→ **Data extract**
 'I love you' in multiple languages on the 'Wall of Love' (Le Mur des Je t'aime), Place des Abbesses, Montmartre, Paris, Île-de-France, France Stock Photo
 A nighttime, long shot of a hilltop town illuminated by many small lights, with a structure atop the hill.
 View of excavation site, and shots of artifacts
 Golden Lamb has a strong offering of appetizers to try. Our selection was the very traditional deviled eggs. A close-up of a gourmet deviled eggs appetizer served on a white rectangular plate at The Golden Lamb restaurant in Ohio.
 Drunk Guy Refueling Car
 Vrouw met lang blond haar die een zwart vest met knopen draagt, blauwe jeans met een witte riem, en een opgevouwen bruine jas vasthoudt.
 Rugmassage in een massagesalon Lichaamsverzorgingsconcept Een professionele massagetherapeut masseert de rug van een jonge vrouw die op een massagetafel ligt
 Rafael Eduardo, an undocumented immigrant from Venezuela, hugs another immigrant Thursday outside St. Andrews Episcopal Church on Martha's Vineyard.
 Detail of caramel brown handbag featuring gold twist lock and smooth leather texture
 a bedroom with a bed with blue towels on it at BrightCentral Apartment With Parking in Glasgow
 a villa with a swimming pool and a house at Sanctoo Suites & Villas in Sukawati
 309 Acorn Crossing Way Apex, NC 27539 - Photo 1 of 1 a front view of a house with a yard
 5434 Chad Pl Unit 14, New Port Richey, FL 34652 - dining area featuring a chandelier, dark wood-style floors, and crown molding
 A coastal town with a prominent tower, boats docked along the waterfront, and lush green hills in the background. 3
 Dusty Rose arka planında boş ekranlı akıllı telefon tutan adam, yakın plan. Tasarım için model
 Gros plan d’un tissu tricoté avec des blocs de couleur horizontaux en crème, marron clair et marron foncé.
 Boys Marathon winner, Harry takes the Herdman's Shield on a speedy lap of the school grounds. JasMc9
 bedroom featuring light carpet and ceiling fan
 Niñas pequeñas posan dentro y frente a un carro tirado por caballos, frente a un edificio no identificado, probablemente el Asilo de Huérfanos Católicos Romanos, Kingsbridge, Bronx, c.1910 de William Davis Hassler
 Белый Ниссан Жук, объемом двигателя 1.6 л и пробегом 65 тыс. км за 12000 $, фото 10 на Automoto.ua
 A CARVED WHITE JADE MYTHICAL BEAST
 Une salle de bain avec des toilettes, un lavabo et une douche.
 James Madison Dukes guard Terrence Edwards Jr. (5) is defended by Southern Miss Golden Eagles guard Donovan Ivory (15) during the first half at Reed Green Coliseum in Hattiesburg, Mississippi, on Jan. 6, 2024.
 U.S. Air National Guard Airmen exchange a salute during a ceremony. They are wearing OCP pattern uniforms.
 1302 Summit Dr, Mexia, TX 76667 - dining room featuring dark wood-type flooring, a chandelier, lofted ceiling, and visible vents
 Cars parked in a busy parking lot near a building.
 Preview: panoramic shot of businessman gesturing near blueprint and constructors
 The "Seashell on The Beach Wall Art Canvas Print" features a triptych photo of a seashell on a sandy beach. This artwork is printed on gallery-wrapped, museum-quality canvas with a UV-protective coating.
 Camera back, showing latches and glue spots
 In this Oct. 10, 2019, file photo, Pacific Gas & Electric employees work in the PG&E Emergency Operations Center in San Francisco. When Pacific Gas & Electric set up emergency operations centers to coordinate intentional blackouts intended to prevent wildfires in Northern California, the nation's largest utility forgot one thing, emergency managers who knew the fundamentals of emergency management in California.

→ **Problem requirements**
Print exactly the lines above, between the one holding "309 Acorn Crossing" and the one holding "Dusty Rose arka", inclusive, and nothing besides.

→ **Exercise output**
 309 Acorn Crossing Way Apex, NC 27539 - Photo 1 of 1 a front view of a house with a yard
 5434 Chad Pl Unit 14, New Port Richey, FL 34652 - dining area featuring a chandelier, dark wood-style floors, and crown molding
 A coastal town with a prominent tower, boats docked along the waterfront, and lush green hills in the background. 3
 Dusty Rose arka planında boş ekranlı akıllı telefon tutan adam, yakın plan. Tasarım için model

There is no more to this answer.